■ **What to produce**
Reproduce all of the entries character for character, while leaving out any pictures they contain.

■ **Brief descriptive captions**
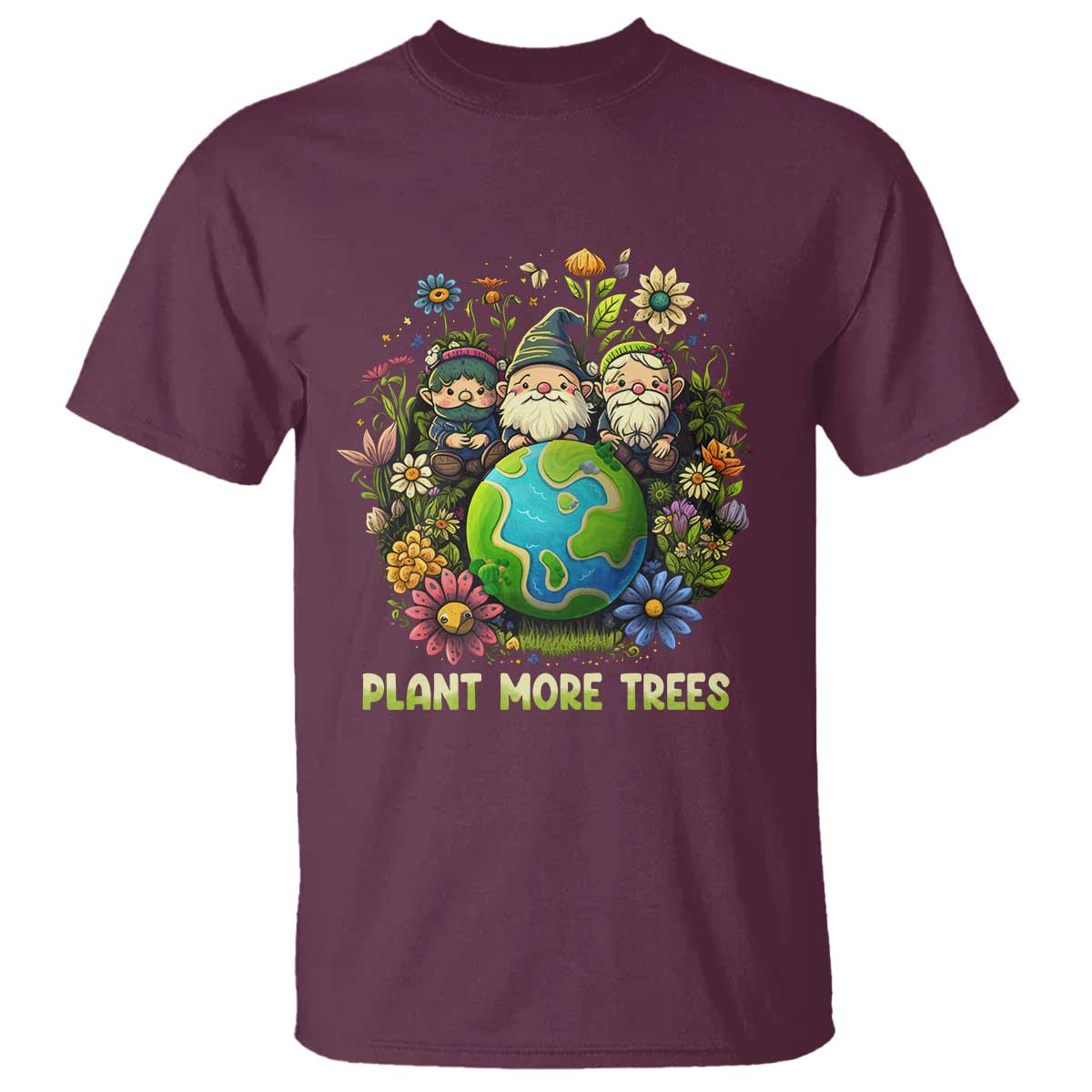 Earth Day T Shirt Plant More Trees Go Green Go Planet Happy Earth Day Gnomes TS02 Maroon Printyourwear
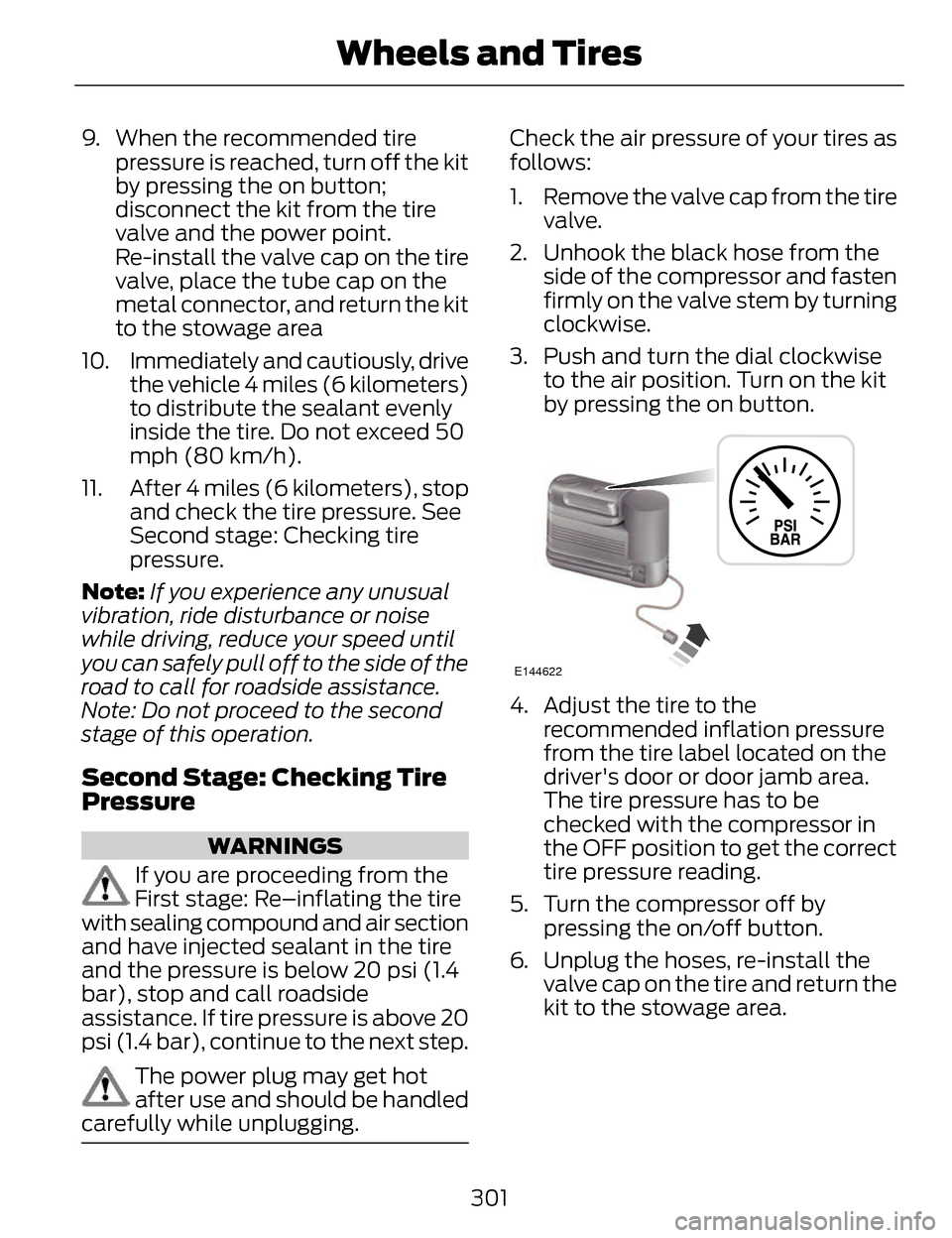 LINCOLN MKZ 2014 Owners Manual 9. When the recommended tirepressure is reached, turn off the kit
by pressing the on button;
disconnect the kit from the tire
valve and the power point.
Re-install the valve cap on the tire
valve, pla LINCOLN MKZ 2014 Owners Manual 9. When the recommended tirepressure is reached, turn off the kit
by pressing the on button;
disconnect the kit from the tire
valve and the power point.
Re-install the valve cap on the tire
valve, pla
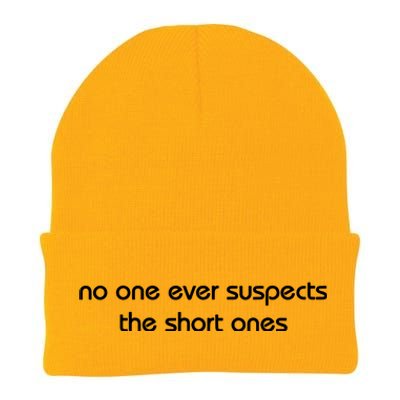 No One Ever Suspects The Short Ones Knit Cap Winter Beanie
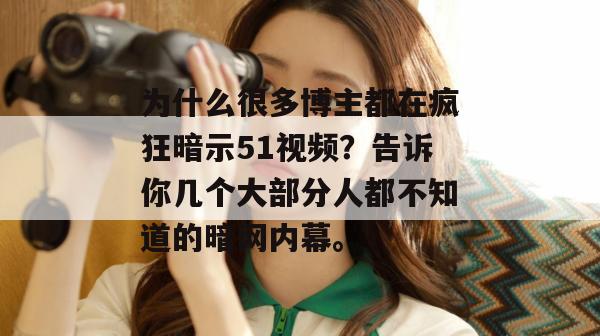 为什么很多博主都在疯狂暗示51视频？告诉你几个大部分人都不知道的暗网内幕。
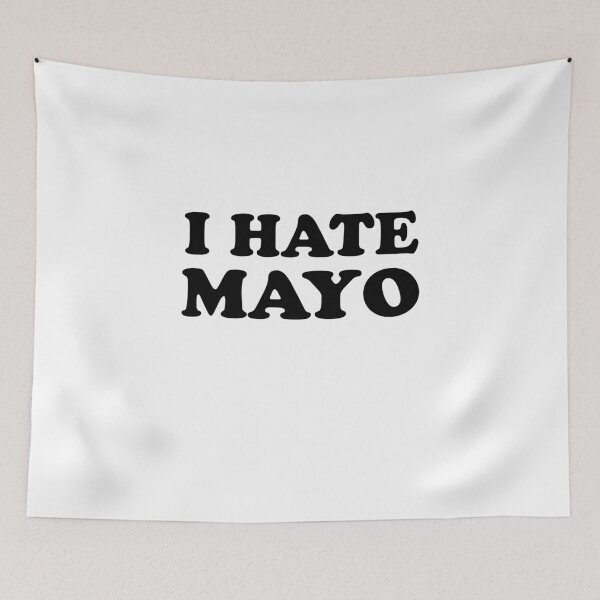 Item preview, I hate Mayo Mayonnaise Statement designed and sold by lsvds.
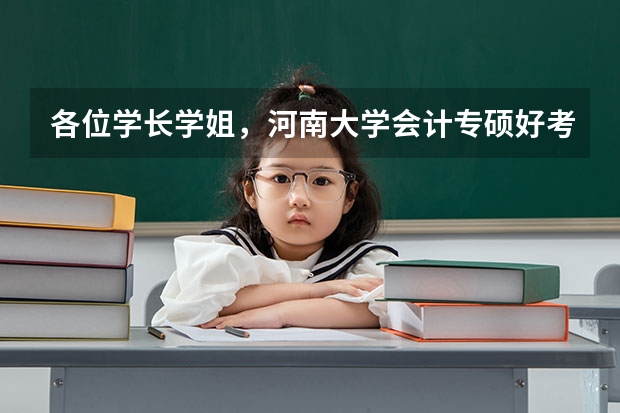 各位学长学姐,河南大学会计专硕好考吗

■ **Your response**
 Earth Day T Shirt Plant More Trees Go Green Go Planet Happy Earth Day Gnomes TS02 Maroon Printyourwear
 LINCOLN MKZ 2014 Owners Manual 9. When the recommended tirepressure is reached, turn off the kit
by pressing the on button;
disconnect the kit from the tire
valve and the power point.
Re-install the valve cap on the tire
valve, pla LINCOLN MKZ 2014 Owners Manual 9. When the recommended tirepressure is reached, turn off the kit
by pressing the on button;
disconnect the kit from the tire
valve and the power point.
Re-install the valve cap on the tire
valve, pla
 No One Ever Suspects The Short Ones Knit Cap Winter Beanie
 为什么很多博主都在疯狂暗示51视频？告诉你几个大部分人都不知道的暗网内幕。
 Item preview, I hate Mayo Mayonnaise Statement designed and sold by lsvds.
 各位学长学姐,河南大学会计专硕好考吗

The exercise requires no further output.